Having worked with the artist in the past and watched her create works for exhibitions or perform such filmic excavations, I have witnessed this manic obsession both in the work and in her practice. Often working deep into the night on a painting or meticulously laboring over different qualities of a slide, I was always in wonder to the manners in which she worked. Out of these intense bouts would come images and forms that made me think to cathedrals from the realm of H.P. Lovecraft. In other pictures, images of scarred landscapes or bodies would come to the fore, wherein these exposed entities demonstrated their own construction through equal compression and fragmentation. Another quality that can never be denied is their color. But it is not simply just color, as the insistent, repeated usage of high contrast blacks, whites, ochres and browns, colors that are more elemental than Earthly, turns them from being mere rudiment into sacrament. Here in this obsessive, methodical mode of working for Raissnia belies a mode of spirituality—devotion unto and absolution through images—that gives consciousness to the images and materials. Hinging upon this portrayal of spirituality and consciousness, in this exhibition the artist has produced works that are both entirely new to her practice but extend from a trajectory established in her films and paintings. By using glass to print, draw and paint on, the forms of cinema and painting collapse and coalesce onto one another that, while obfuscating their identity, makes their presence and activity in the work all the more observable.

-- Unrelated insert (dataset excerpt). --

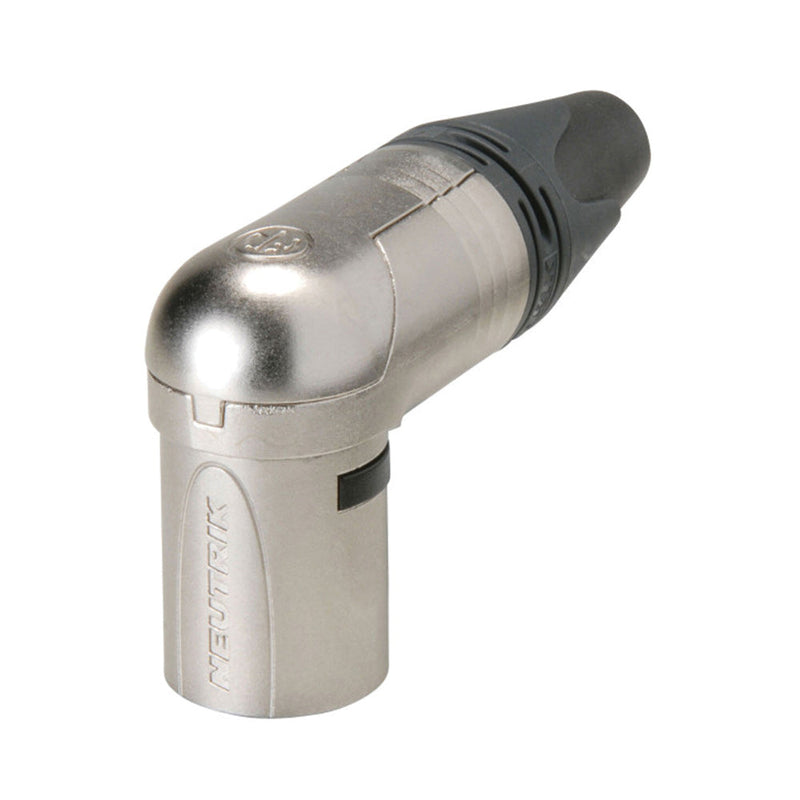 Neutrik 3-Pin XLR Right Angle Male Connector - Nickel with Silver Pins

This usage of glass is a curious one, as it almost seems like such an obvious choice for Raissnia. Therefore, questions such as “why now?,” ”why here?” occur to me as an observer ofher work. Is there reason in her choice to only now explore and develop this material in herpractice? To these questions I would hesitate to ascribe any one cause or meaning as to why this material finds its way into her practice at this point in her career, but from where I stand as a friend, critic, and historian, this new extension of her work feels perfectly timed in her practice. As a material, it is one that allows images and their projections to literally change and multiply in perspective over time. For Raissnia, there is a “doubling of the image” at play here that is similar to her double projections she uses in the films. 1 Shadows, light, images, each of these move in relationship to the viewer and where they find themselves in front of the work. More, by UV-printing onto the glass and then painting, inscribing and drawing onto the panels by hand, the different histories and practices of Raissnia coalesce into the glass works—creating a sense of double history then as well—which equally folds into themselves the history of glass as a material. Referring to a comment made by filmmaker Nathaniel Dorsky, Raissnia recalls that glass, specifically stained glass, “was the first form of cinema, that is light filtering through imagery, the same as film.” 2

While the application of stained glass—most commonly recalled in High Gothic and Rayonnant architecture—is often the first direction the mind of the visitor travels when thinking around the material. It is much more curious and inviting to consider a more regional—not to mention spiritual—understanding of glass and its history as it was in Cologne, in 1914, that Bruno Taut’s first prototype for a glass pavilion was created. This pavilion was Taut’s physical illumination of his belief in Glasarchitektur. The belief in glass architecture, one which stemmed from Taut’s correspondence with and publication of the Berlin poet Paul Scheerbart, was one in which a new humanism and culture could be created. 3 Glass, specifically colored glass, was to be placed everywhere in this new architecture, so as to break down the forms of closed rooms and have transparency, light, and color—forms of the spirit—infiltrate into people’s homes and lives. However, being a part of the modernist project, the aspirations placed upon glass—for a new transparency onto life, or by bringing nature onto the hearth of the individual—shortly turned opaque and darkened. The glass facades of modern architecture, which sheath and house the companies of finance and industry, quickly become materials of management: portraying transparency while becoming barricade.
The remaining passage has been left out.